- _Data to use_
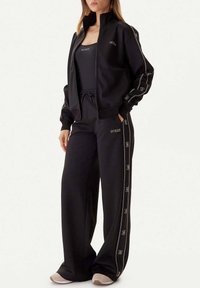 Zwart trainingspak met een jas met ritssluiting en hoge kraag en broek met zijstrepen. Het materiaal is zacht, met geborduurde logodetails.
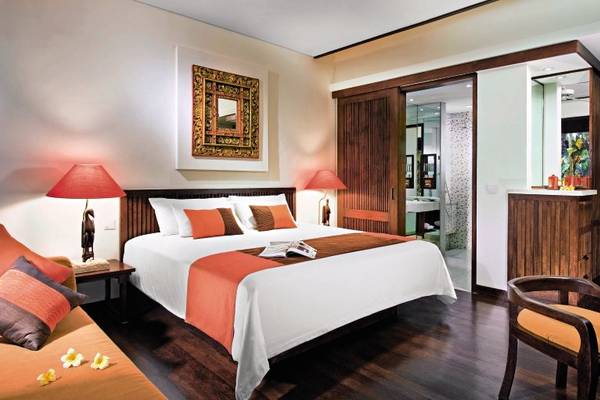 Innenansicht eines Zimmers im Novotel Bali Benoa mit einem Bett, Lampen, einem Tisch, Kissen und einem Holzboden.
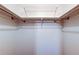 Empty walk-in closet with shelves and rails for easy storage at 2932 Lichen Ln # D, Clearwater, FL 33760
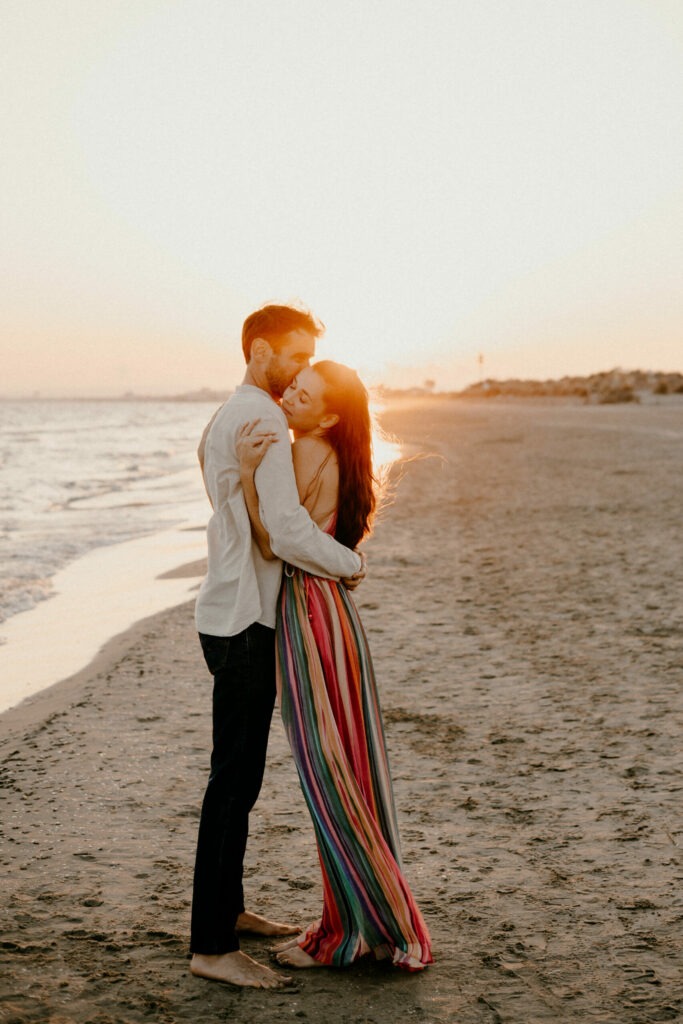 un couple s'embrasse à la plage, au bord de l'eau à la golden hour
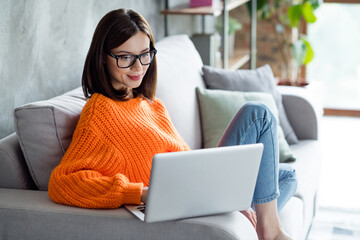 Portrait of calm concentrated responsible lady company director chief realtor choose best variant office city center sit sofa indoor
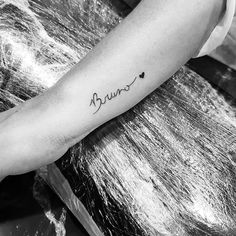 a black and white photo of a person's arm with the word love tattooed on it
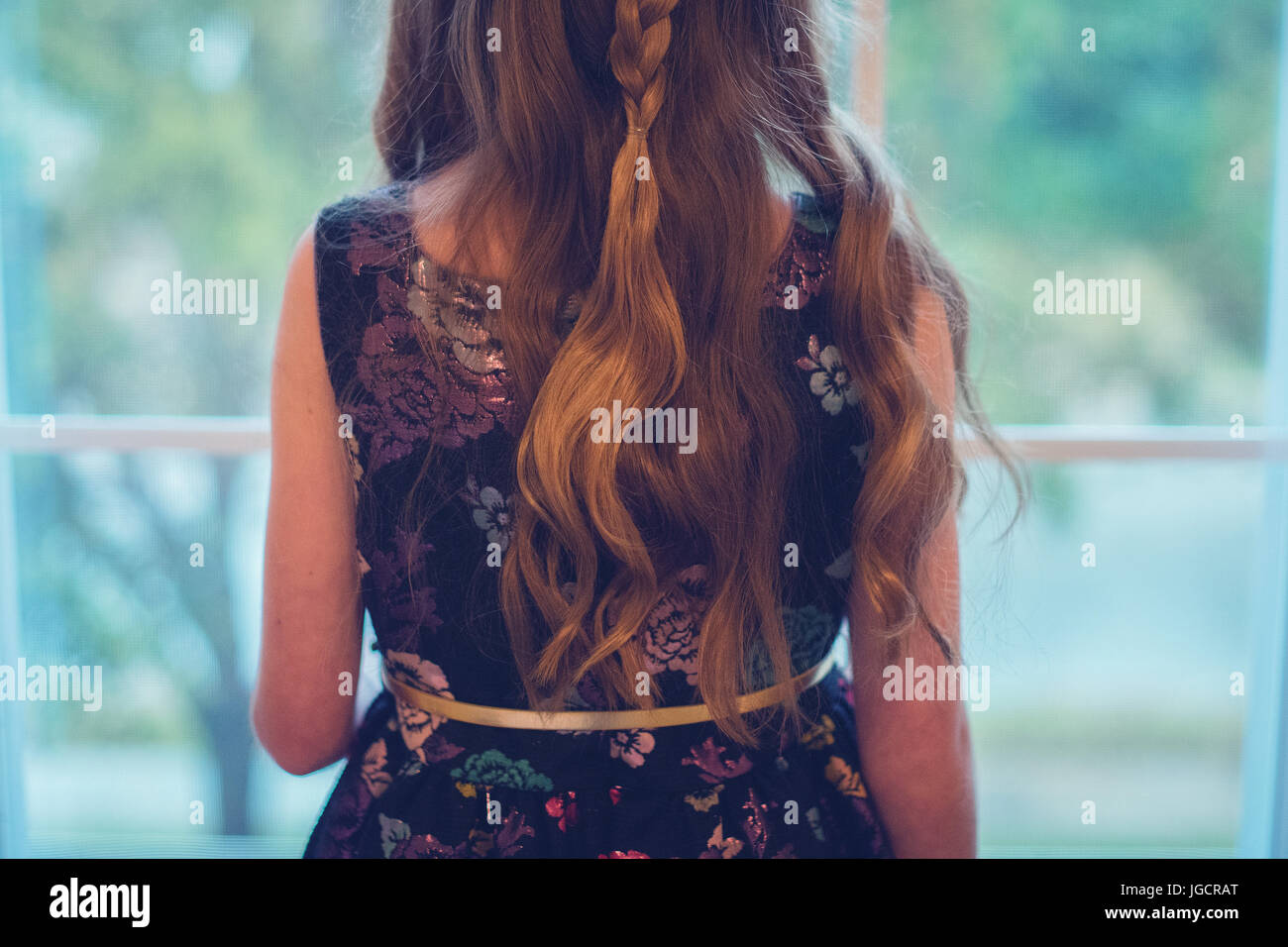 Rückansicht eines Mädchens in einem Partykleid Blick aus einem Fenster Stockfoto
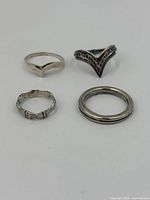 Four sterling silver rings arranged on white background showing different styles and sizes.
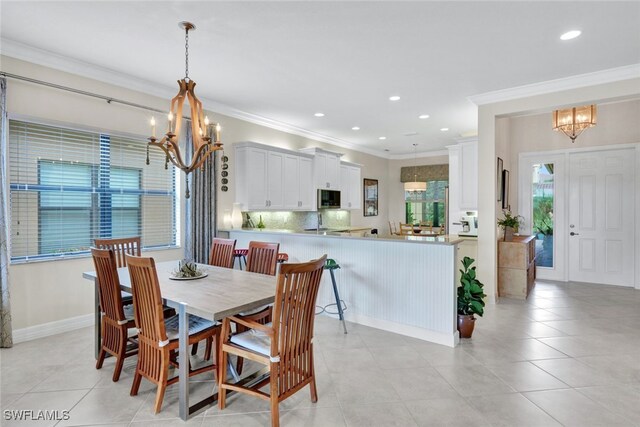 tiled dining space featuring a notable chandelier and crown molding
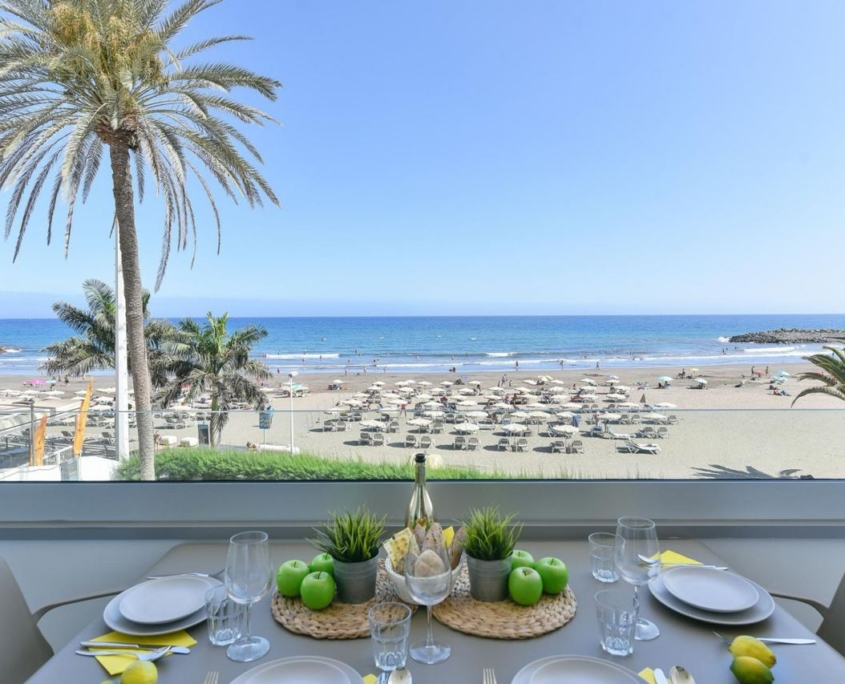 Tavolo apparecchiato in appartamento workation con vista sull'oceano e spiaggia a Gran Canaria, con palme e ombrelloni.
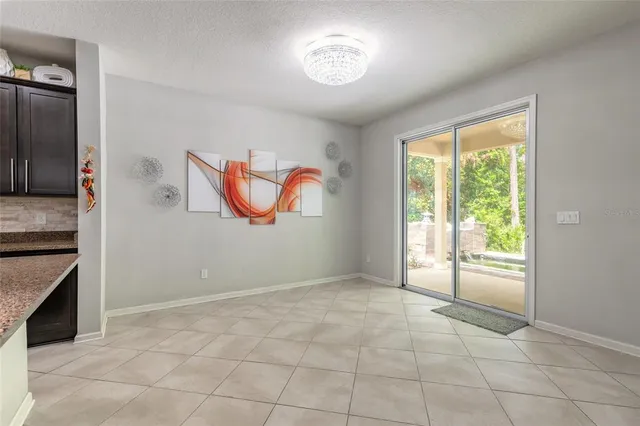 a large kitchen with kitchen island a large counter top stainless steel appliances and cabinets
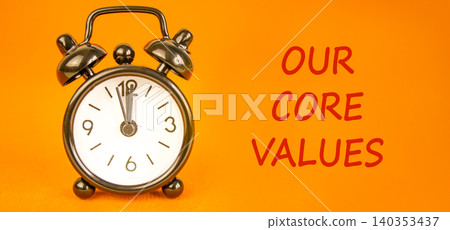 Our core values words symbol. Concept words Our core values on beautiful white paper. Beautiful orange background. Black alarm clock. Business our core values motivational support concept. Copy space. 140353437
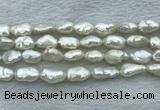 FWP353 15 inches 9mm - 10mm baroque white freshwater pearl strands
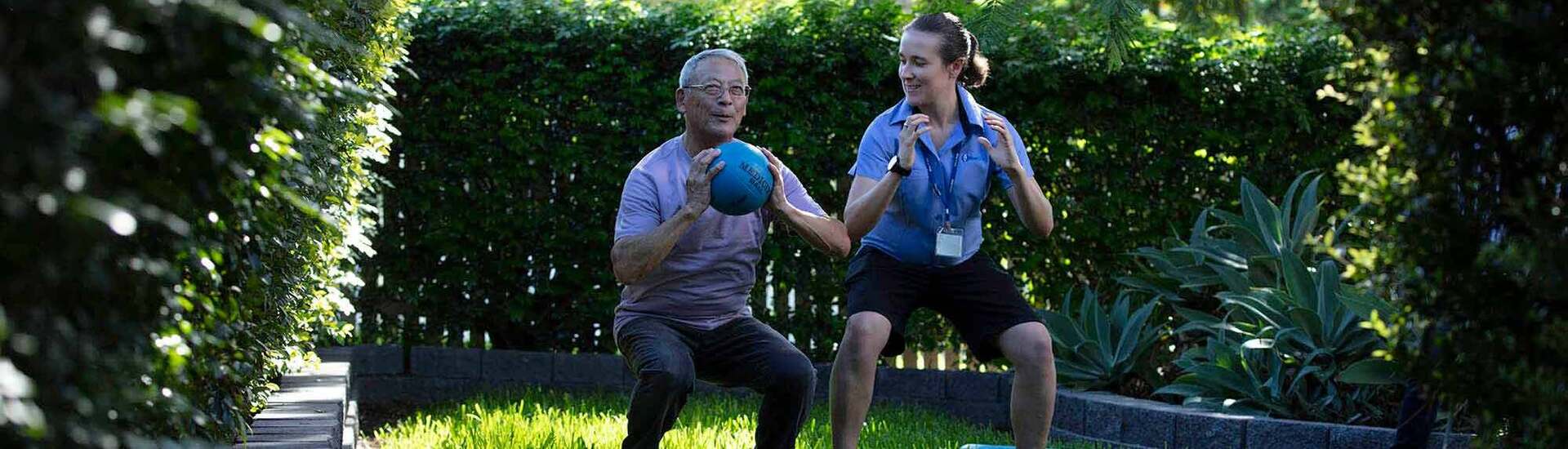 An older man exercising with a medicine ball under the guidance of a Blue Care employee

- _Task to complete_
Copy out exactly the material that runs from the line with "Portrait of calm" to the line with "a black and", ends included, and leave the pictures behind.

- _Output below_
 Portrait of calm concentrated responsible lady company director chief realtor choose best variant office city center sit sofa indoor
 a black and white photo of a person's arm with the word love tattooed on it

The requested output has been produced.